What happens if you have someone named as the beneficiary of your life insurance policy, and your beneficiary dies? The answer depends on when the beneficiary dies. If they die before you, the policy benefits will go to any co-primary beneficiaries; for instance, if your three children, A, B, and C are your primary beneficiaries, and A predeceases you, the policy will still go to B and C. No probate problems.
If all of your co-primary beneficiaries predecease you, however, the insurance company will pay the policy benefits to a secondary or contingent beneficiary if you have one.

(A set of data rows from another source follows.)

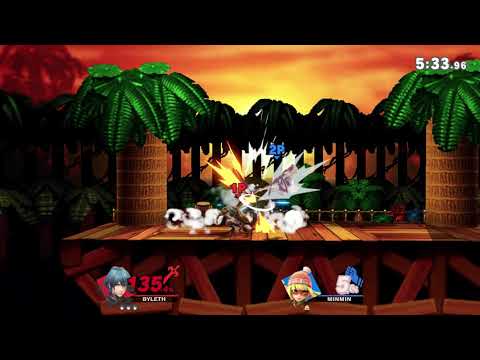 【スマブラSP】ベレト即死コンボ！？【ベレト/ベレス】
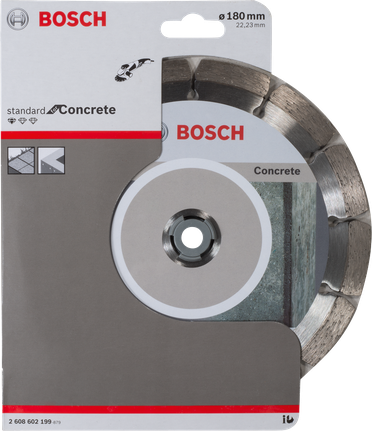 Betooni teemantlõikeketas, 180 × 22,23 × 10 mm Bosch Professional – Bosch Professional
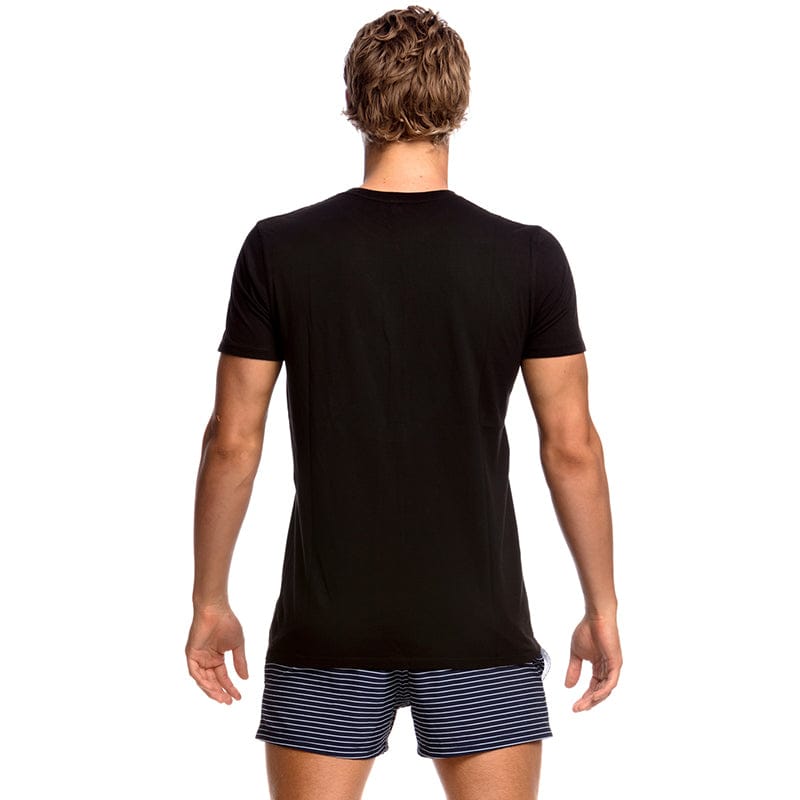 Funky Trunks - Turn And Burn Goose Mens T-Shirt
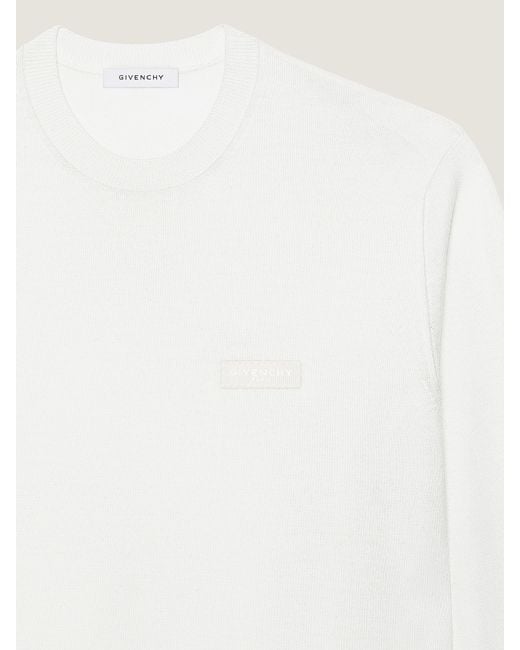 Givenchy Natural Sweater for men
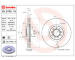 Brzdový kotouč BREMBO 09.9760.1G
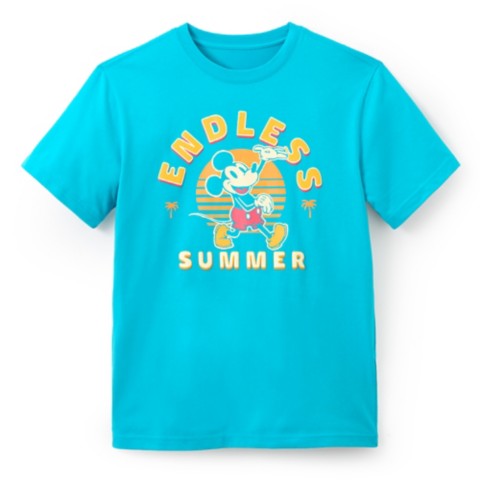 Футболки Disney Mickey Mouse ''Endless Summer'' T-Shirt for Adults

If you have no contingent beneficiary, the life insurance benefits will be paid to your estate, and they will have to go through probate.
Another situation in which your life insurance benefits may need to go through probate is if the named beneficiary is a minor child. For instance, you might name your spouse as beneficiary of your policy and your child is a contingent beneficiary. Being young and healthy, you might expect that no one would need to make a claim against the policy for years, until your spouse is old and your child grows up. If a catastrophe happens, however, and you and your spouse pass away while your child is still a minor, your child cannot legally take ownership of the life insurance benefits.
Instead, those assets go through probate, and a guardian will be appointed to hold and manage the life insurance benefits until your child is a legal adult at eighteen. At that time, though, he or she will have access to all the benefits at once, without restriction. If you (like most parents) think it's probably not a great idea for an eighteen year old to have unfettered access to hundreds of thousands of dollars, it's time to consider another plan.
A simple and effective way to keep life insurance benefits out of probate and more readily accessible is by making a trust the owner and beneficiary of the life insurance policy. An irrevocable life insurance trust (ILIT) accomplishes a number of goals in addition to avoiding probate: avoiding estate taxation of death benefits, meeting the needs of your estate with regard to liquidity, sheltering assets from creditors, and, of course, providing for your surviving loved ones. You can also make a revocable trust the owner and beneficiary of a life insurance policy. While not exempting death benefits from estate taxation, this type of trust has numerous benefits.
If you have life insurance, and wish to avoid probate, speak with your estate planning attorney about establishing a trust to serve as beneficiary of your life insurance policies.